Cos’è che l’ha convinta al tempo a scegliere l’Inter?

«È stato colpo di fulmine. Ci allenavamo a Rogoredo, dove ora lavoro perché c’è la nuova sede di Sky. Guardo fuori dalla finestra e vedo ancora il campo in cui conobbi, oltre a Mazzola, Tagnin e Veleno Lorenzi, Arcadio Venturi. Un uomo fantastico cui sono ancora molto legato. Al tempo allenava i Giovanissimi, poi è passato agli Allievi A e io ho saltato una categoria e proseguito con lui. Il destino ci ha unito Era il vice del Trap l’anno dello scudetto dei record...».

Come andava agli allenamenti?

«Frequentavo una scuola a Melzo, quello sì un feudo interista, poi prendevo il tram numero 93 e mi facevo l’ultimo pezzo a piedi. Al ritorno a volte passavano mio padre o mio zio. Altrimenti con i mezzi arrivavo a casa all’ora di cena...».

I parenti l’hanno perdonata?

«Certo! Mio padre purtroppo è mancato poco dopo, mentre zio e fratello erano in tribuna il giorno che segnai il mio primo gol con l’Inter, quello del 2-2 in un derby di Coppa Italia. Mio zio esultò come un matto, mio fratello invece si arrabbiò. Ma da quel giorno è diventato un interista sfegatato!».

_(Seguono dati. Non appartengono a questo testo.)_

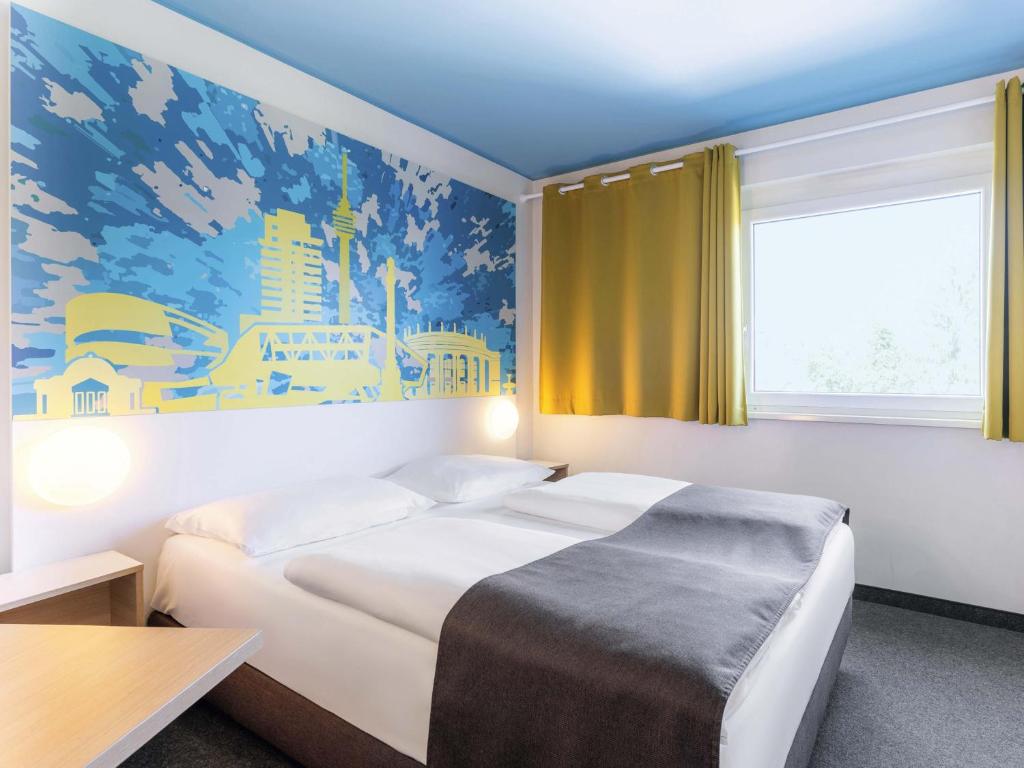 B&B Hotel Stuttgart-City - Resim 1
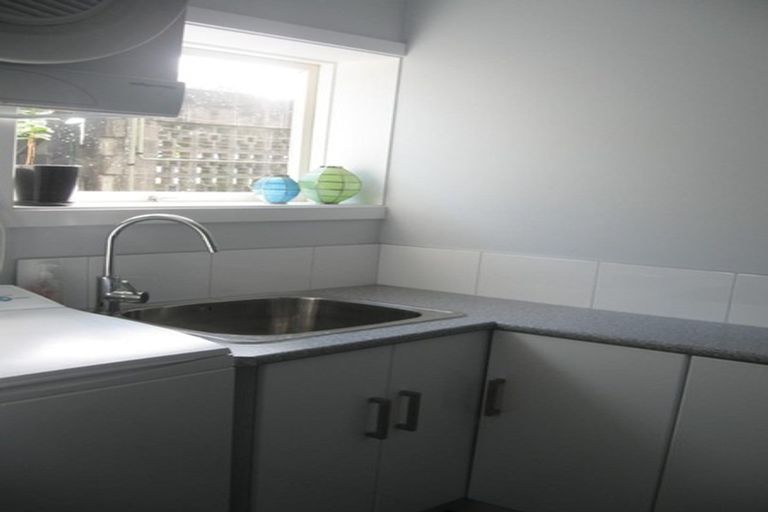 Photo of property in 2 Sunrise Avenue, Mairangi Bay, Auckland, 0630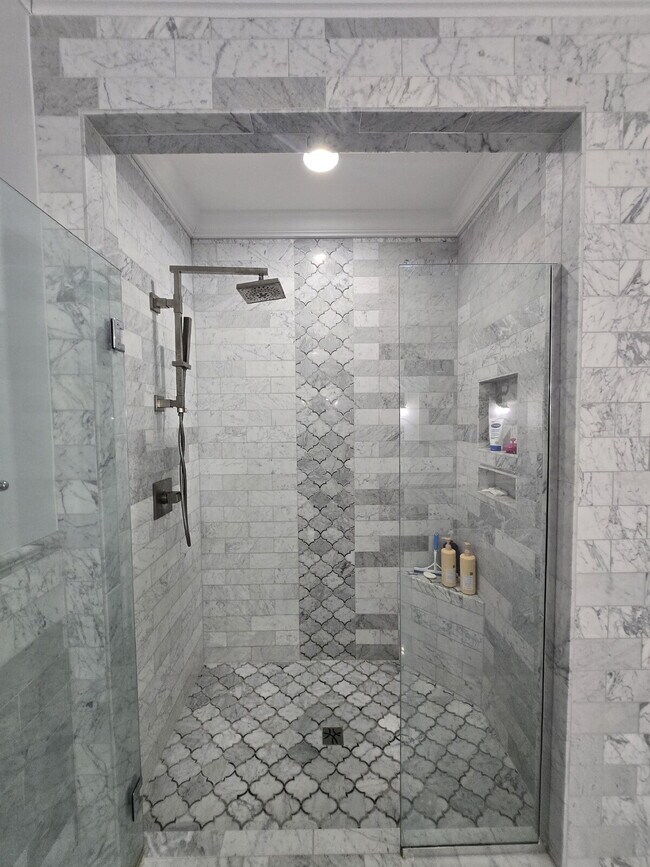 Building Photo - Amazing House In Windstone Available For Prelease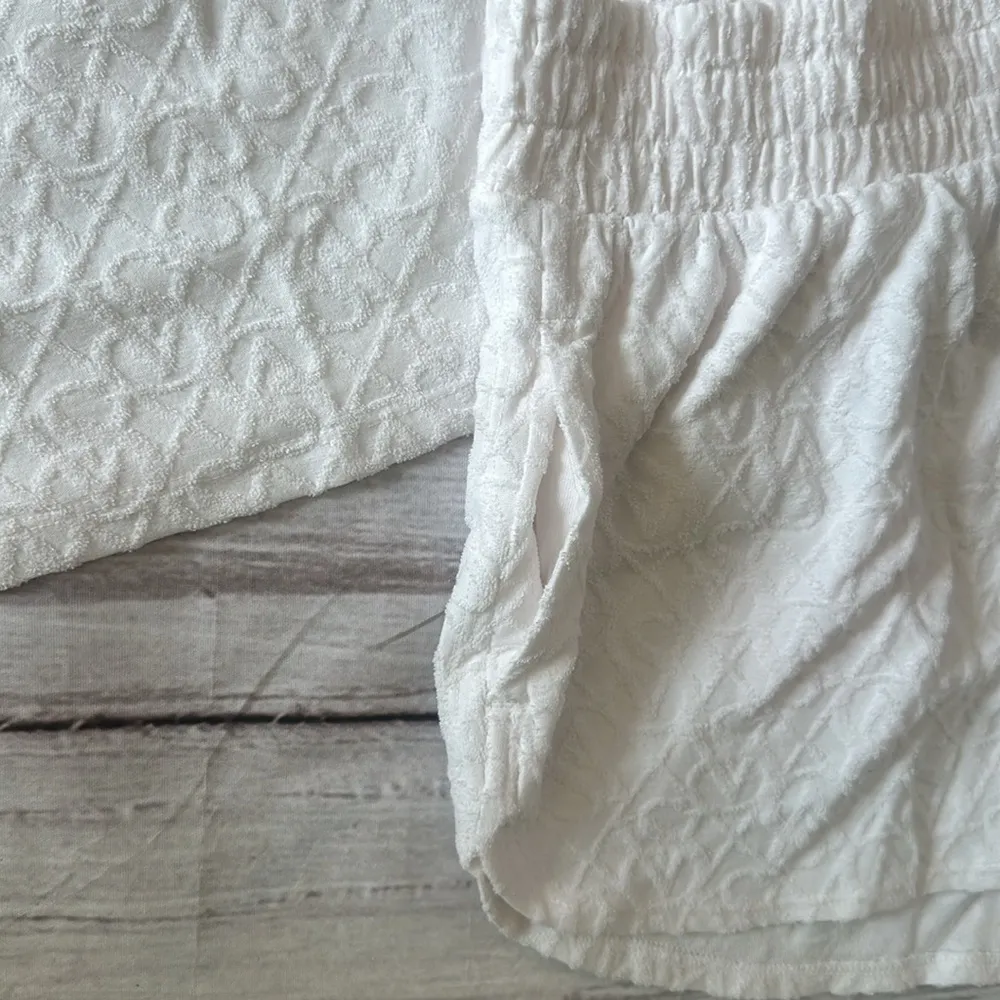 Victoria Secret On Point Coconut Terry Hoodie,Shorts & Tank Top V/S logo Set - Image 5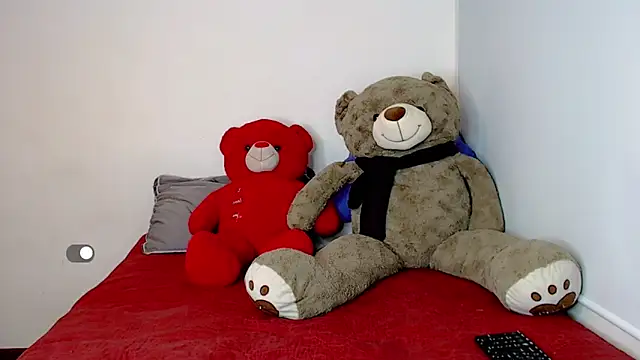 Snapshot of SamanthaaSmitt chatting on 4, 3, 2025 SamanthaaSmitt online show from 4, 3, 2025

Il primo ricordo della Pinetina, l’avvicinamento alla prima squadra.

«Al tempo il giovedì si faceva la partitella e chiamavano alcuni giovani. Ci allenavamo sui campi secondari e a volte Bersellini diceva che gli serviva qualcuno. Un giorno tocca a me, mi mettono a marcare Aldo Serena che sulla prima palla in profondità mi tira una gomitata tremenda. La gavetta... Noi poi giocavamo le partite del campionato Primavera al sabato pomeriggio, in Pinetina. La prima squadra era lì in ritiro, quindi buttavano l’occhio. Alla fine della stagione ‘79-80 arriva la prima convocazione, l’estate successiva il primo ritiro con i grandi».

Di mezzo c’è stato il dodicesimo scudetto.

«Il giorno di Inter-Roma, la partita che ci diede il titolo, ero in Curva con amici. Al tempo la società dava a tutti i giovani una tessera per vedere le partite a San Siro. Dai 13-14 anni, non ne ho persa una, compatibilmente con il nostro calendario».